When the temperature is high enough, nuclear fusion of hydrogen atoms to form helium nuclei takes place. Nuclear fusion releases large amounts of energy as radiation which keeps the core of the protostar at a high temperature.
This forms a main sequence star.
Main sequence star
After its formation, the star enters a stable period. This typically lasts for several billion years. During this time the star is known as a main sequence star.
In the stable period, the forces of gravity pulling the particles inwards is balanced out by the pressure from the hot gases. This pressure is caused by the continuing fusion reactions taking place.
Example
Currently the Sun is in the middle of its long stable period.
When the star starts to run out of hydrogen, it reaches the end of its stable period.
End of a star
Smaller stars
The long, stable period of stars of a similar size to the Sun is around 10 billion years.
When the hydrogen runs out, the outward pressures are not strong enough to counteract the force of gravity. The star collapses in on itself but the outer layers expand to form a red giant star.
A red giant star is much larger than the original main sequence star. It is called red because the outer layers cool and emit red wavelengths of light. Inside a red giant other fusion reactions occur. This includes the helium nuclei combining to form other heavier elements.
Eventually the star will become unstable and ejects the outer shell of dust and gas. The force of gravity pulls together the rest of the star and it collapses to form a white dwarf star.
No fusion reactions take place in a white dwarf star. It cools over a period of around a billion years and turns into a black dwarf star. A black dwarf star only emits a relatively small amount of energy.
Larger stars
Stars that are much bigger than the Sun follow a different cycle. These stars are hotter and brighter than the Sun.
After the hydrogen runs out, the star collapses in on itself and the outer layers expand to form a red super giant. The red super giant undergoes more fusion and expands and contracts multiple times. This fusion produces elements up to iron.
At the end of this period, the star quickly collapses in on itself and explodes in a supernova. This forms elements that are heavier than iron. These elements are ejected into the universe and they go on to form more planets and stars.

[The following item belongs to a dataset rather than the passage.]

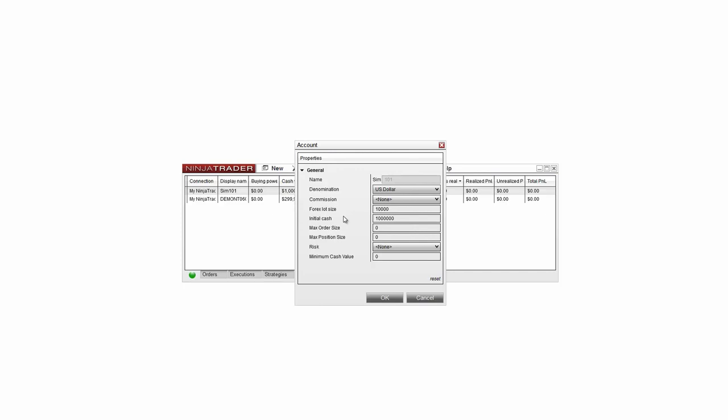This will open the Account Properties window. Here we can adjust the Denomination, Commission Template, Forex Lot Size, Initial Cash Value, Max Order Size, Max Position Size, Risk Profile, and Minimum Cash Value for the account.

As the supernova explodes it releases the outer shells of dust and gas. The extremely dense core remains behind. For a smaller red super giant (still massive in comparison to the Sun), this is a neutron star.
If the red super giant star was massive enough (had enough mass) the dense core turns into a black hole. A black hole is a very dense point in space which has a strong gravitational attraction towards it. Not even light can escape a black hole.
| 1. | Stellar nebula | 2. | Protostar | 3. | Main sequence star | 4. | Red giant star | 4a. | White dwarf star | 4b. | Black dwarf star | 5. | Red super giant | 5a. | Supernova | 5b. | Black hole | 5c. | Neutron star | |